What is expected: Give the listing below again exactly, but without any of its pictures.

-------------------------

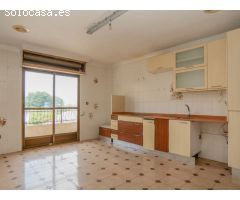Casa en venta en Murcia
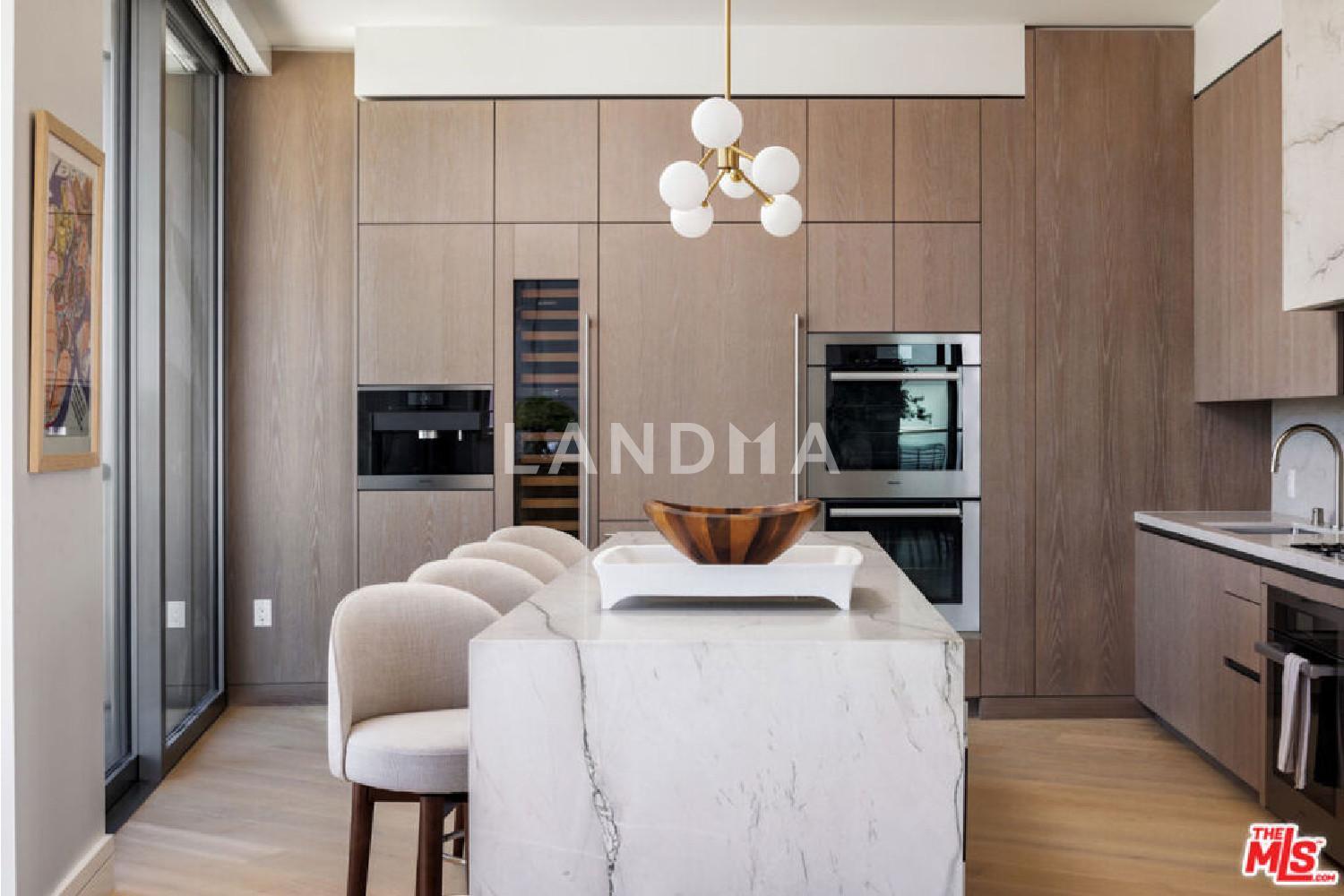 211 W Elm Court #39B 官网图片 3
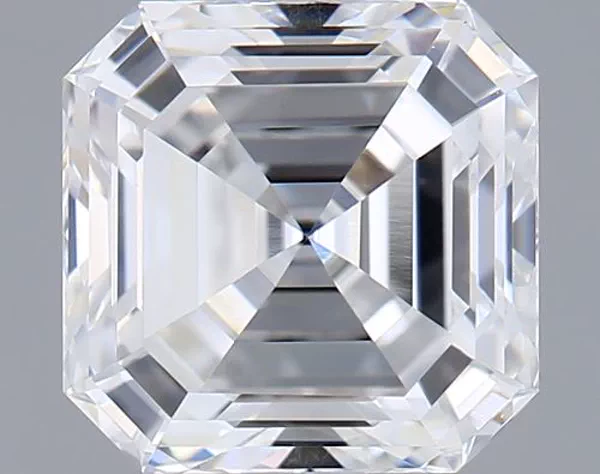 1.29 Carat · E · VVS2 excellent Cut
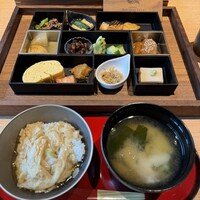 日本料理 時宜 芦屋ベイコート倶楽部 ホテル&スパリゾート - 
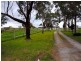 375A Manks Road, Clyde VIC 3978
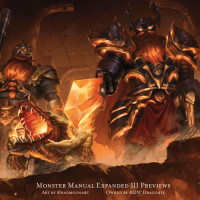 Fire Giants 1.png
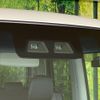 daihatsu tanto 2019 -DAIHATSU--Tanto DBA-LA600S--LA600S-0792332---DAIHATSU--Tanto DBA-LA600S--LA600S-0792332- image 4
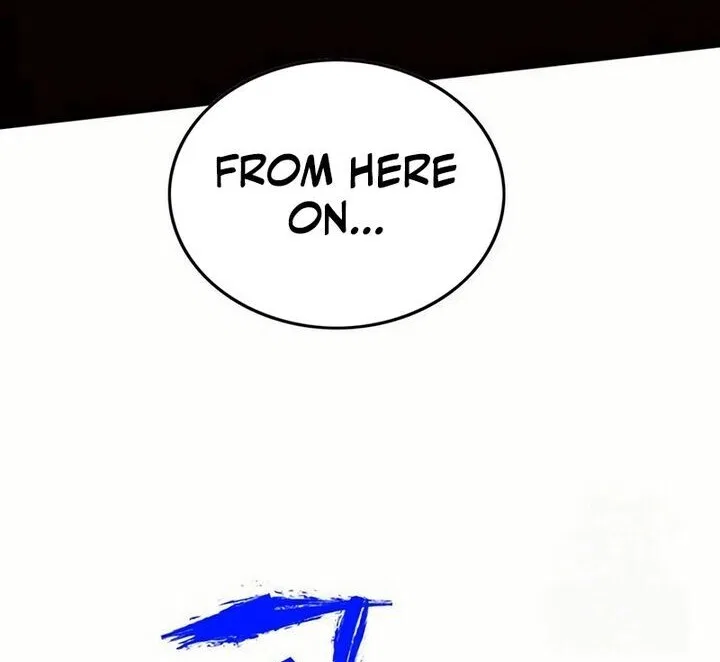 Hardcore Leveling Warrior manga Chapter 430 – Page 84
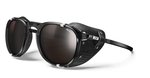 Julbo -  Millenium Reactiv 2-4 Polaraised-equipment-Living Simply Auckland Ltd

-------------------------

Written answer:
Casa en venta en Murcia
 211 W Elm Court #39B 官网图片 3
 1.29 Carat · E · VVS2 excellent Cut
 日本料理 時宜 芦屋ベイコート倶楽部 ホテル&スパリゾート - 
 375A Manks Road, Clyde VIC 3978
 Fire Giants 1.png
 daihatsu tanto 2019 -DAIHATSU--Tanto DBA-LA600S--LA600S-0792332---DAIHATSU--Tanto DBA-LA600S--LA600S-0792332- image 4
 Hardcore Leveling Warrior manga Chapter 430 – Page 84
 Julbo -  Millenium Reactiv 2-4 Polaraised-equipment-Living Simply Auckland Ltd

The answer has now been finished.